Subsurface hydrodynamics are an important component of the hydrological cycle and a key factor in the partitioning of land surface water and energy fluxes. Because of computational reasons they are often neglected, or strongly simplified, in numerical weather prediction and climate models. Particularly in regions where the water table is shallow, soil moisture acts as a link between groundwater, land and atmosphere. Because of its long-term memory, groundwater represents a buffer for the effects of climate variability. To dynamically model this system we study the outputs of a variably saturated groundwater flow model (ParFlow) coupled with a surface model (CLM) and propose an empirical approach for the statistical correction of the bias of the energy fluxes in a highly-parametrized simulation. Corrections are based on a comparison of the simple scheme with the fully-coupled subsurface-land-atmosphere simulations. This simple dynamical scheme computes the potential latent heat flux in case of near saturation, while the fully-coupled simulations approximate the reality. Our statistical model examines the evapotranspiration surplus, i.e., the difference in latent heat flux between the two runs, and aims to correct the bias in the latent heat flux of the simple scheme, based on the characteristics of each point of the domain. In particular, we focus on the ability of topography-related indices, such as the topographic wetness index and the depth-to-water index, to provide information on the availability of water for evapotranspiration.

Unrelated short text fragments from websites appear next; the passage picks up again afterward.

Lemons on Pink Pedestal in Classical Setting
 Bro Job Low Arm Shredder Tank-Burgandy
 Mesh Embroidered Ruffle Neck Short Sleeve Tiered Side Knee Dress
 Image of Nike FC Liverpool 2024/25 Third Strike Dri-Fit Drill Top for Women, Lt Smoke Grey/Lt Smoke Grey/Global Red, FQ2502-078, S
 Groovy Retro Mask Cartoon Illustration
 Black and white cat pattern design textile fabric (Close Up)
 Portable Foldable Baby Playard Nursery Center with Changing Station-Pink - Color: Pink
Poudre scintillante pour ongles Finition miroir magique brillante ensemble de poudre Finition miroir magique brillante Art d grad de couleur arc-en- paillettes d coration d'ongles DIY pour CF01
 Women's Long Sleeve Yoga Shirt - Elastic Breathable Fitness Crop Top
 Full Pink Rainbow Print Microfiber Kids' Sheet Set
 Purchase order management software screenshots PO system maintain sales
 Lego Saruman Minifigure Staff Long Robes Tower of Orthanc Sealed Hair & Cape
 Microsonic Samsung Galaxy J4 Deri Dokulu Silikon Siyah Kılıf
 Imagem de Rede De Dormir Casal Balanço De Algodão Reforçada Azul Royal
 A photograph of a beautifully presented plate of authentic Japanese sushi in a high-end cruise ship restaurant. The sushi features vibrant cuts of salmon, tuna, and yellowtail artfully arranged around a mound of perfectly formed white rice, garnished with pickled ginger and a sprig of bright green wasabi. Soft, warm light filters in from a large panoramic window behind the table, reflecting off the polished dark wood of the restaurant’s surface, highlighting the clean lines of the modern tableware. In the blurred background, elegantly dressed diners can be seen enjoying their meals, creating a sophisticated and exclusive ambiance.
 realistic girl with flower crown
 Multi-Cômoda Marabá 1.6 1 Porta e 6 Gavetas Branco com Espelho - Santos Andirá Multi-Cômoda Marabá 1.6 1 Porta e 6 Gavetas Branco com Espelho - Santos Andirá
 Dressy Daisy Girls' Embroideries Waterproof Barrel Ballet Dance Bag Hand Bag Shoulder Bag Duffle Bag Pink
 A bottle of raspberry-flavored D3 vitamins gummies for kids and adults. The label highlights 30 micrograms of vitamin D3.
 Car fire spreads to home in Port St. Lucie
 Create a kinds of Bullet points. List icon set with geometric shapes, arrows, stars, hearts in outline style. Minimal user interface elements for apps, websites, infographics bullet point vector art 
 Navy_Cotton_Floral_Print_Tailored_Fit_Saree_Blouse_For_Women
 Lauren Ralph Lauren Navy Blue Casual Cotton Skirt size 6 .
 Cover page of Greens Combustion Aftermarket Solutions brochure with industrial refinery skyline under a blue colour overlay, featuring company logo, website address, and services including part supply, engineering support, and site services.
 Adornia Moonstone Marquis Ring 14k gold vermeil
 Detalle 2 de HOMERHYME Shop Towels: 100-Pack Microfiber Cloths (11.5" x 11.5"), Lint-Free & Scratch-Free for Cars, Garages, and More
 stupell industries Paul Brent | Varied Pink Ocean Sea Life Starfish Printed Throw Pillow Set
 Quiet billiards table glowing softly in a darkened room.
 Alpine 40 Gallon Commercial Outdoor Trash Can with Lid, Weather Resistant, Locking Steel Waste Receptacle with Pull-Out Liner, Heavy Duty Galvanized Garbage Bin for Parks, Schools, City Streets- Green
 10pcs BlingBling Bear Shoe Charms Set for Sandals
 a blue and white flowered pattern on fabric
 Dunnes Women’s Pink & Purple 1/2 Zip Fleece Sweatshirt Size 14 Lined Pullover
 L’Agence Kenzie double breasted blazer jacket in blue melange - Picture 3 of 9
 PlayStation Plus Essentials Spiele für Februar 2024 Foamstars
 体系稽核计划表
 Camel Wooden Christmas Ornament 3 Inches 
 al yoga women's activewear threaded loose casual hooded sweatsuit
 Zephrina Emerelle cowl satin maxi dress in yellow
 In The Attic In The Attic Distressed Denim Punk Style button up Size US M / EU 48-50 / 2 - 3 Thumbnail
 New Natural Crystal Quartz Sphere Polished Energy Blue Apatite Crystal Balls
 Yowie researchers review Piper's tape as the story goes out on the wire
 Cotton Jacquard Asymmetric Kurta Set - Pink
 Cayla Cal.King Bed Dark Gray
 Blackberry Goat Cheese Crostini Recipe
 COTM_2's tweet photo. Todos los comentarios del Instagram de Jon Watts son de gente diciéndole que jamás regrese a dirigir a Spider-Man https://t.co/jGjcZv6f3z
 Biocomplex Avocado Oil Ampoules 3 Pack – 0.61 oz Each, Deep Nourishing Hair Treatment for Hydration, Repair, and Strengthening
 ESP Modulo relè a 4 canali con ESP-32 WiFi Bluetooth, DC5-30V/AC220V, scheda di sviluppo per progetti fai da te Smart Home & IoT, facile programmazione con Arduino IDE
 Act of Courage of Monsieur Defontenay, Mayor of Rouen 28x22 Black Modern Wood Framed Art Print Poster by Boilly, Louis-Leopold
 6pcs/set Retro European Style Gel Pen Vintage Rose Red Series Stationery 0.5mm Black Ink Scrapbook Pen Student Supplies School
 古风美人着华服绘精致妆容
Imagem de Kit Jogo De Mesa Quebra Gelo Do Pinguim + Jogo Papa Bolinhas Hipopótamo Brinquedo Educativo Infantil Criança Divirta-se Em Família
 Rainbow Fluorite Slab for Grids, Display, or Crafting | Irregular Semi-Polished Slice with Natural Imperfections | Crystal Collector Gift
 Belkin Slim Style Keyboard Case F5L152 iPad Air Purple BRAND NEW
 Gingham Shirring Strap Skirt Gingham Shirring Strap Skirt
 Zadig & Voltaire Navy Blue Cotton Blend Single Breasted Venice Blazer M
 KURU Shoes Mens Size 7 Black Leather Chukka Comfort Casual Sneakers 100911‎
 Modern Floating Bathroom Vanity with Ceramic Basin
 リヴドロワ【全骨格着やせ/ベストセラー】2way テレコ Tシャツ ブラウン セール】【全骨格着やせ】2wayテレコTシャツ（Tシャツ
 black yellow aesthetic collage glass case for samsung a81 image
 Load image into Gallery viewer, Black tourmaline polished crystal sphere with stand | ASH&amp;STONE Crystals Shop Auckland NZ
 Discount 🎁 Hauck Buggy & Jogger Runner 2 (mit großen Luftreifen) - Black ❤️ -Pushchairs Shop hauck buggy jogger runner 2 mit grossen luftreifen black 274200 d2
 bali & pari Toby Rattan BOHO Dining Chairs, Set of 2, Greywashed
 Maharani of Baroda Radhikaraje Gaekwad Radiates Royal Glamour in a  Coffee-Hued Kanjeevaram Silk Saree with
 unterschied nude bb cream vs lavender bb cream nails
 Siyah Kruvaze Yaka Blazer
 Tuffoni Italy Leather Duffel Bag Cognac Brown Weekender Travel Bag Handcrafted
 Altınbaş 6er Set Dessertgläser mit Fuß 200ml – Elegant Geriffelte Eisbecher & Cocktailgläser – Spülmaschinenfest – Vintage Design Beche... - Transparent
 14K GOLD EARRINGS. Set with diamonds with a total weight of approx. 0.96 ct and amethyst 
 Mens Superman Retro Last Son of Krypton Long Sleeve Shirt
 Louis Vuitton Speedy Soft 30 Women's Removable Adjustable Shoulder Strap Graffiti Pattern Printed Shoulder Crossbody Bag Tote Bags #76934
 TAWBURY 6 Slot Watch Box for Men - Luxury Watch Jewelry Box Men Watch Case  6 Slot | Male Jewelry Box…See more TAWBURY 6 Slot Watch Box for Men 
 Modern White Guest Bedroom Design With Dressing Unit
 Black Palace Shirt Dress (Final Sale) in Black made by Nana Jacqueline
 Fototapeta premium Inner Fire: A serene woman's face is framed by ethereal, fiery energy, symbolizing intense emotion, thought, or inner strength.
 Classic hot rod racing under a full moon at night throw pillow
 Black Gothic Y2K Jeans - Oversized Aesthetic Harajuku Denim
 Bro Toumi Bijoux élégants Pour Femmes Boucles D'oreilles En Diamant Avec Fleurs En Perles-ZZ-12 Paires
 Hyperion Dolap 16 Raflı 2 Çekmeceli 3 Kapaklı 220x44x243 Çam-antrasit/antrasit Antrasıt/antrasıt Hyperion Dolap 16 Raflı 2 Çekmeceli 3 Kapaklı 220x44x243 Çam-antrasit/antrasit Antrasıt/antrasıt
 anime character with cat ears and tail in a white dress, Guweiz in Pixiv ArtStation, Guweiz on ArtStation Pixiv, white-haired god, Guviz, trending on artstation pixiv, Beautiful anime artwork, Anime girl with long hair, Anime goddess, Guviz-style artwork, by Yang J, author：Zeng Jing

Our results confirm that topographic indices are good predictors for moisture availability. While small-scale structures cannot be accurately reproduced by our model, large-scale biases of latent heat flux over the domain are effectively removed. Moreover, the bias corrected fluxes show a better agreement with the fluxes of the full modelling system than commonly used free-drainage simulations. Thus, the proposed approach can be useful in approximating the effect of groundwater on land surface water and energy fluxes in, e.g., regional climate models.